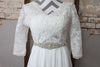 Rhinestone Bridal Belt - GRACE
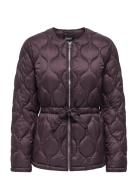Onlamara Quilted Jacket Otw Burgundy ONLY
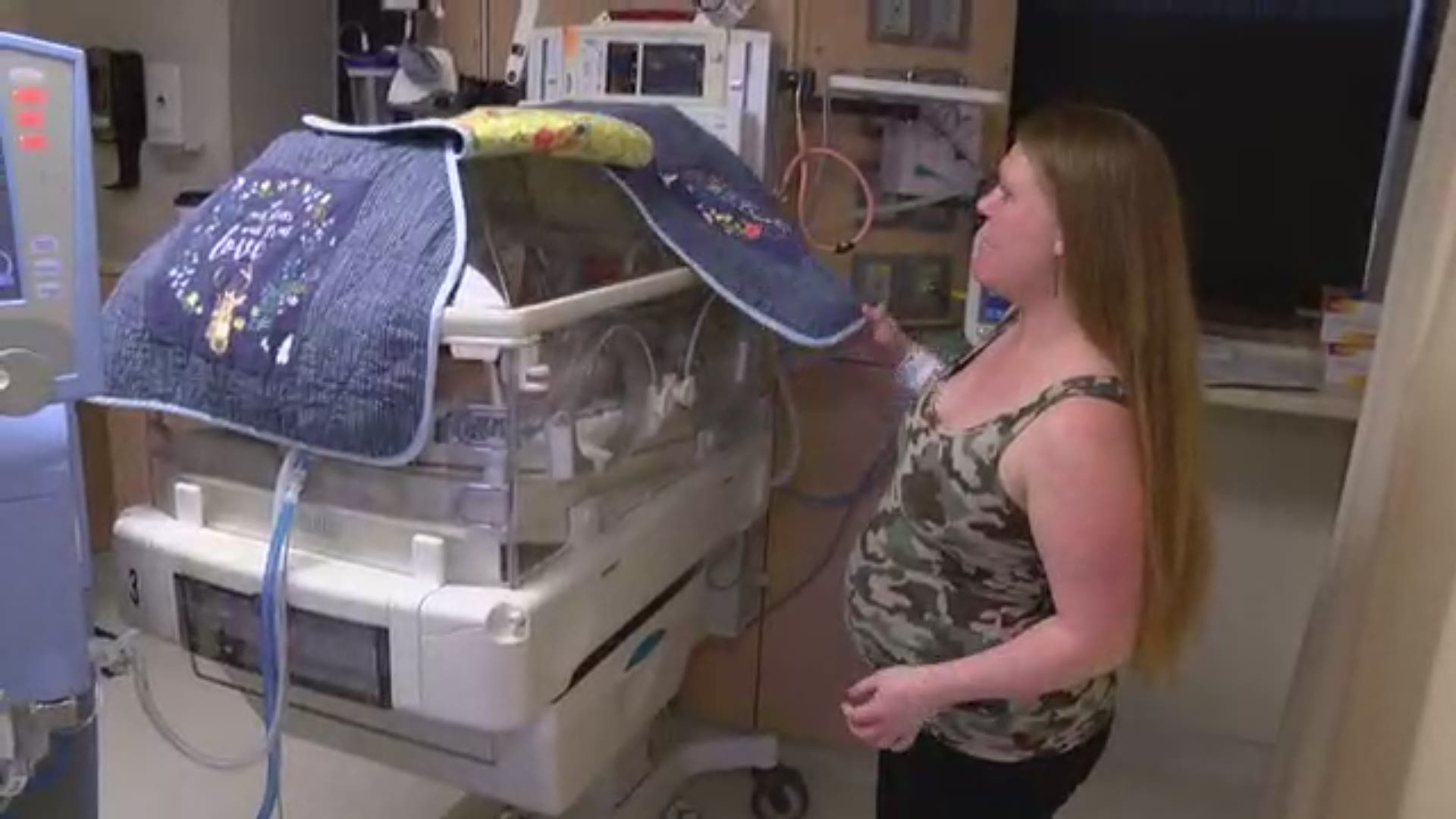 The woman gave birth at Christus Good Shepherd in Longview. Doctors say this is a very rare occurrence.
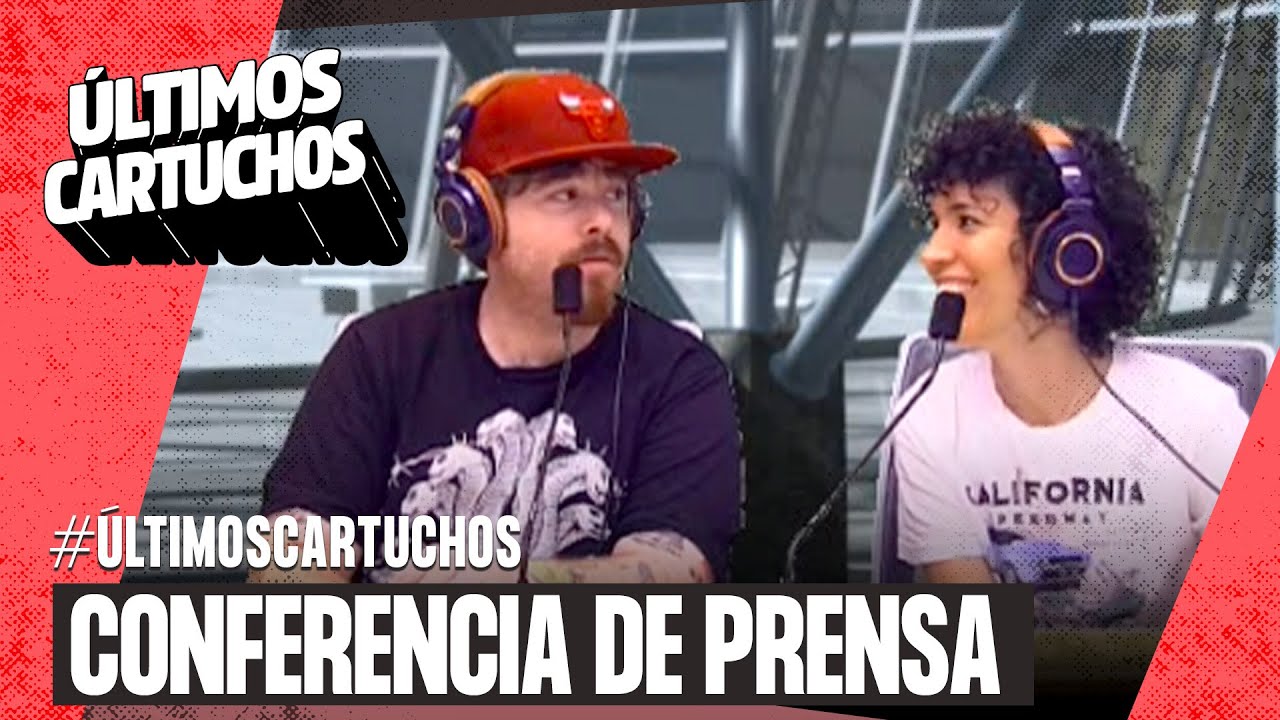 MIGUE GRANADOS Y FER OTERO EN CONFERENCIA DE PRENSA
==*==
Now write out the data word for word, skipping every picture in it.

TASK ANSWER.
 Rhinestone Bridal Belt - GRACE
Onlamara Quilted Jacket Otw Burgundy ONLY
 The woman gave birth at Christus Good Shepherd in Longview. Doctors say this is a very rare occurrence.
 MIGUE GRANADOS Y FER OTERO EN CONFERENCIA DE PRENSA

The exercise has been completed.